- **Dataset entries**
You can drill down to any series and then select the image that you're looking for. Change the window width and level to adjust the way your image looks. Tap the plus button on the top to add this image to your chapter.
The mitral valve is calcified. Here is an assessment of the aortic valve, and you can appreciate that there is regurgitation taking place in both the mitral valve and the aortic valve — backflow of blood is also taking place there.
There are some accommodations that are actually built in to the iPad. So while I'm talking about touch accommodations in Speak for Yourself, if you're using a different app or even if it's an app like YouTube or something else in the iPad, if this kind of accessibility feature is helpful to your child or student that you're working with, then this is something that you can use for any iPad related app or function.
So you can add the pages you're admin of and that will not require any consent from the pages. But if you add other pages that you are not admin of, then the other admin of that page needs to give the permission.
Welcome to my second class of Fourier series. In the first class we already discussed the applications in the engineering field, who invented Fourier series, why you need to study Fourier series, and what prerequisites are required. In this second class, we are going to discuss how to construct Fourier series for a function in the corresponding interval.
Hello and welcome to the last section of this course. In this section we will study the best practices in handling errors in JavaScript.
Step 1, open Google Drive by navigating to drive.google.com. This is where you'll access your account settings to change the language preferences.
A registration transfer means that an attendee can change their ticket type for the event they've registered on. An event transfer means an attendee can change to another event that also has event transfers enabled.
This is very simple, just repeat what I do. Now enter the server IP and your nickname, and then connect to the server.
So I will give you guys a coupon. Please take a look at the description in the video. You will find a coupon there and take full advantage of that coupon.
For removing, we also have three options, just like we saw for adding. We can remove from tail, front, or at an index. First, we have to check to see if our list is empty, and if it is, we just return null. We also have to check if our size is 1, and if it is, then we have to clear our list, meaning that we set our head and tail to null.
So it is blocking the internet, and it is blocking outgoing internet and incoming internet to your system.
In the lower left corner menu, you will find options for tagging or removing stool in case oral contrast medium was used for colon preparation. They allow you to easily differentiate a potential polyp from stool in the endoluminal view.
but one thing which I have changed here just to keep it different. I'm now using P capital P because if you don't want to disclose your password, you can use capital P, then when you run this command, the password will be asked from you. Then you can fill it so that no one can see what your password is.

- **INSTRUCTIONS TO FOLLOW**
Please give back only the lines between the first line of the entries and the line with "The mitral valve is", both ends included, word for word.

- **SOLUTION FOR THIS EXERCISE**
You can drill down to any series and then select the image that you're looking for. Change the window width and level to adjust the way your image looks. Tap the plus button on the top to add this image to your chapter.
The mitral valve is calcified. Here is an assessment of the aortic valve, and you can appreciate that there is regurgitation taking place in both the mitral valve and the aortic valve — backflow of blood is also taking place there.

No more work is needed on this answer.